As the shortage of dollar is a major driver of current inflation, there are some reassuring developments on this front. In the 10 months between July and April of this fiscal FY (2022-23), the country received USD17.718 billion as remittance. And this amount is 2.37 per cent higher than the receipt (in remittance) during the same period in the previous fiscal year, FY (2021-22). Another piece of good news is that, as a country, it is now the USA, not the Kingdom of Saudi Arabia (KSA), that holds the top position as the source of remittance dollars. As the report from the Bangladesh Bank goes, during the months between July and April of the current fiscal year, workers from the USA sent home USD3.047 billion, whereas during the same period an amount of USD3.039 billion was remitted from the KSA. What is of further significance is the fact that, during the mentioned period, the expatriate workers in the USA increased their homeward remittance by USD177 million compared to FY22's remittance at USD2.87 billon. This development is especialy important for yet another reason. At a time when many Bangladeshis who are also citizens of the USA are taking their well-earned or ill-gotten money from their land of birth to where they made their second home and thus rendered their motherland poorer, these migrant workers staying in the USA are sending their hard-earned dollars back home. They are indeed the real patriots. They love their country and their families back home. The educated and affluent classes from the Bangladeshi communities living abroad earn many times more than these migrant workers who are mostly engaged in odd jobs.But it is these less-privileged wage workers who have been helping their country in its hour of need.

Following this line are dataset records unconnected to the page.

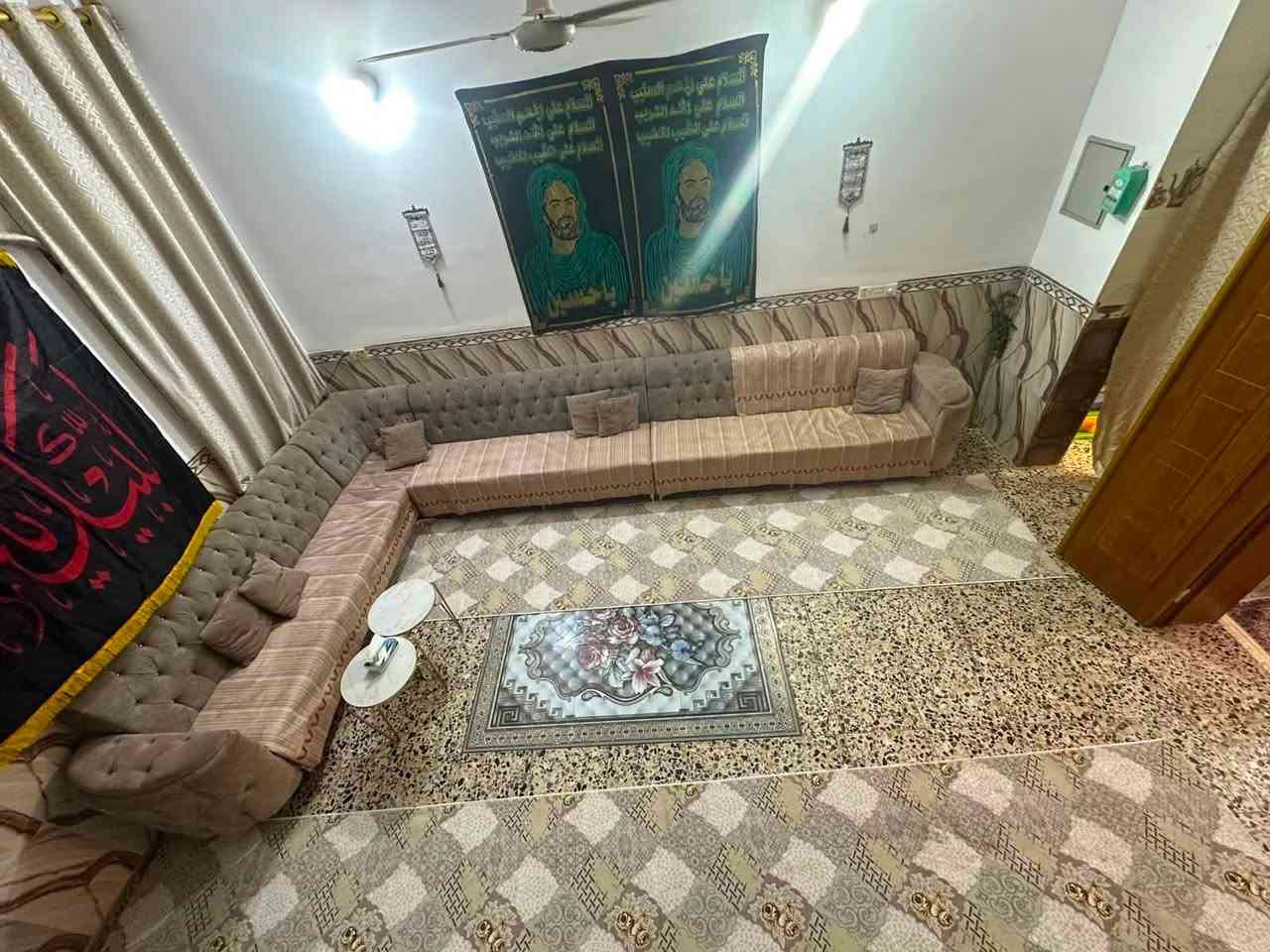 السلام عليكم
🏠 بيت للبيع في كربلاء – حي الإطارات

📍 الموقع: كربلاء – حي الإطارات، قرب مدرسة بطل خيبر.

📐 المساحة: 100 م²
🏗️ سنة البناء: 2019
🏠 طابق ونصف – بناء درجة أولى
🔨 كونكريت مسلح وطابوق جمهوري

✨ تفاصيل البيت:

🔹 الطابق الأول:

• غرفة نوم
• صالة معيشة
• استقبال مفتوح على الصالة، مع باب دفتري للفصل بينهما
• مطبخ
• صحيات عدد 2 
• أرضية كاشي
• الجدران سيراميك وبياض

🔹 الطابق الثاني:

• غرفة نوم
• صالة
• حمام
• سطح داخلي
• أرضية بورسلين درجة أولى
• الجدران بياض

الخلاصه:
• مجموع غرف النوم: غرفتان
• مجموع الصحيات: 3
• جميع أبواب البيت من تسكام عراقي درجة أولى
• البيت كامل وجاهز للسكن، ولا يحتاج إلى أي إضافات

💰 السعر: 150 مليون دينار عراقي
للعلم البيت يباع حصراً من صاحب الدار وليس عن طريق دلال او مكتب 

📞 للاستفسار والاتصال:
***********

📌 للجادين فقط، يرجى الاتصال على الرقم أعلاه.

Remittance apart, export is also learnt to have picked up, according to the Export Promotion Bureau (EPB), in May (last month) earning USD4.84 billion marking a growth of more than 26 per cent over the export earning in May FY22. However, the May 2023's performance still fell short of the target for that month by 5.29 per cent. Notably, the performance of the export in the previous two months was rather poor as it posted a negative growth of 16.52 per cent in April and of 2.49 per cent in March respectively.
The overall export performance (at export valued USD50.52 billion) from July to May of the current fiscal year has also shown positive trend registering a growth of more than 7 per cent. And the best performer, as expected, is the Readymade Garment (RMG) sector fetching a whopping USD42.63 billion. And it not only recorded a growth of 10.67 per cent, but also overshot it target set for the period.
Obviously, the RMG still remains the mainstay of the country's export. And as it is well-understood, overdependence on this single product is also the weak point of the nation's export regime. And the same argument can also be extended to case of our manpower export which is overwhelmingly dependent on unskilled workers.
In fact, the vulnerability of the economy related to the foreign currency reserve cannot be just wished away until and unless the issues of diversity and quality of the country's commodity and manpower exports are duly addressed.